Advanced prosthetic technology reduces metabolic demand. The C-Leg significantly reduces oxygen consumption at typical and fast speeds versus non-microprocessor knees. The Rheo Knee produces a 5% metabolic reduction versus the Mauch Knee and 3% versus C-Leg. MPK users demonstrate significantly increased physical activity in free-living environments, indicating that reduced per-step energy cost translates to greater daily activity. Reduced cognitive demand during ambulation is another MPK benefit. Powered ankle-foot systems (BiOM/Empower) reduce metabolic rate by 16% in highly active users with a 15% faster self-selected speed, though not all patients benefit equally.
High Yield; Energy expenditure hierarchy
- Hierarchy (least → most): Syme < unilateral TT < bilateral TT < unilateral TF < bilateral TF.
- Hip disarticulation sits between unilateral TF and bilateral TF (100-200% increase).
- Vascular > traumatic at every level.
- Bilateral TF: >200% above normal; walking speed cut by more than half; often non-ambulatory.
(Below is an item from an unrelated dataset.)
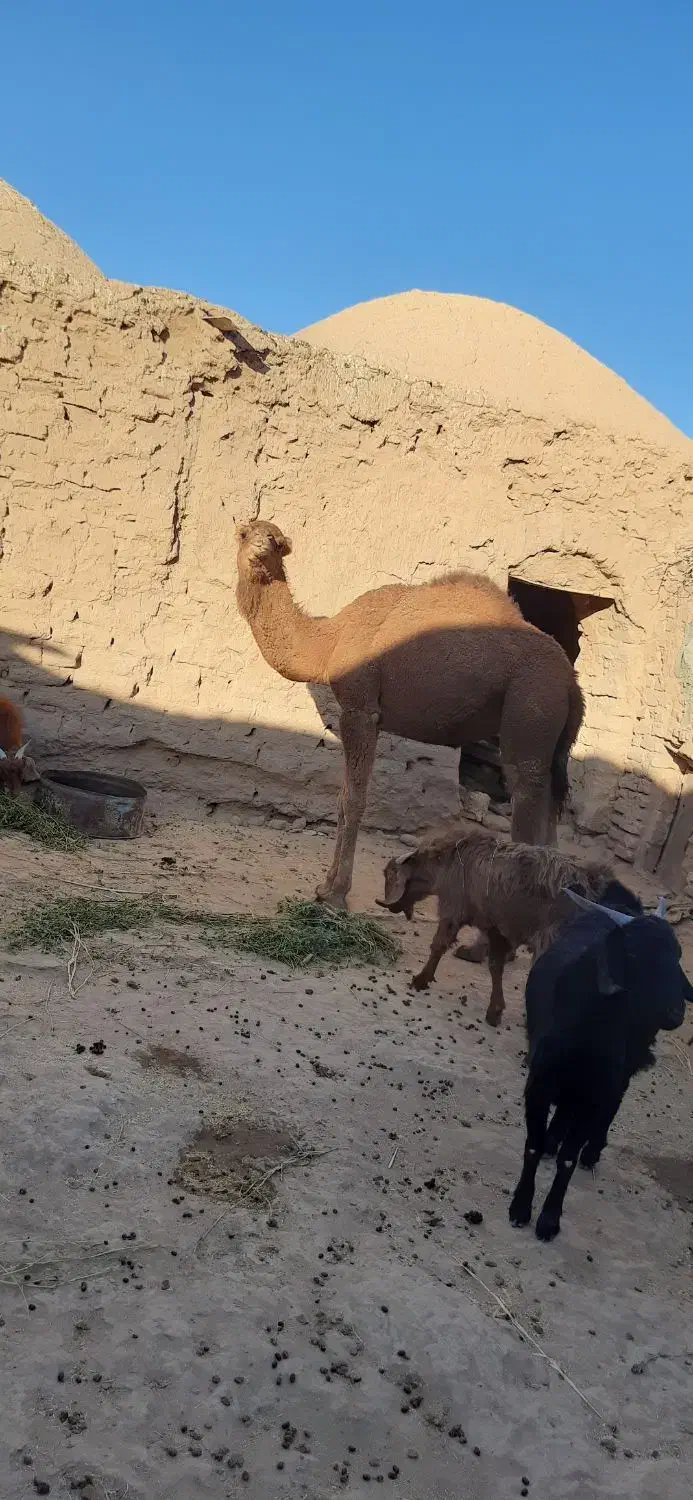 حق بلبون|حیوانات مزرعه|جلگه ماژان, |دیوار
- Oxygen consumption RATE (mL/kg/min) = per minute; oxygen COST (mL/kg/m) = per meter.
- Self-selected slower speed keeps RATE near normal; COST per meter is elevated.
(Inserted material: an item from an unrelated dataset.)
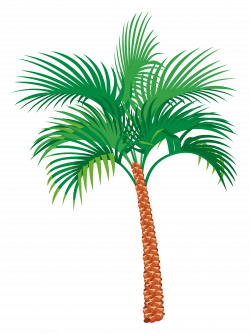 Clipart - Palm tree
- Able-bodied O2 cost = 0.15 mL/kg/m; unilateral TF 0.18; bilateral TF 0.24 (2019 PLOS ONE meta-analysis).
- Wheelchair propulsion is roughly comparable to or lower than normal walking; often more efficient than bilateral TF prosthetic ambulation.
- Cane ~10-15% energy increase; bilateral crutches 3-point ~40-60%; swing-through 75-100%+.
- C-Leg reduces O2 consumption; Rheo = 5% reduction vs Mauch, 3% vs C-Leg; Empower = 16% reduction in active users with 15% faster speed.
Board Trap — Near-normal oxygen consumption RATE does not mean efficient walking
A vignette gives a TF amputee whose oxygen consumption rate during walking is near able-bodied values and asks whether the prosthesis “minimizes energy cost.” The trap is to pick yes. The discriminator: the near-normal rate reflects a slower self-selected speed, not improved efficiency. Oxygen cost per meter is the efficiency measure and is clearly elevated in TF amputees (0.18 vs 0.15 mL/kg/m for able-bodied). The patient is offsetting the metabolic penalty by walking more slowly. The same logic applies to bilateral TF patients whose heart rate and oxygen consumption rate may seem manageable on a treadmill at slow speed but whose per-meter cost remains greater than 200% above normal.
You’re monitoring their oxygen consumption rate, their RPMs. You look at the monitor, and the rate looks near normal. A novice clinician might write in the chart, patient is walking efficiently. But they are totally missing the bigger picture. Their oxygen cost per meter is completely through the roof.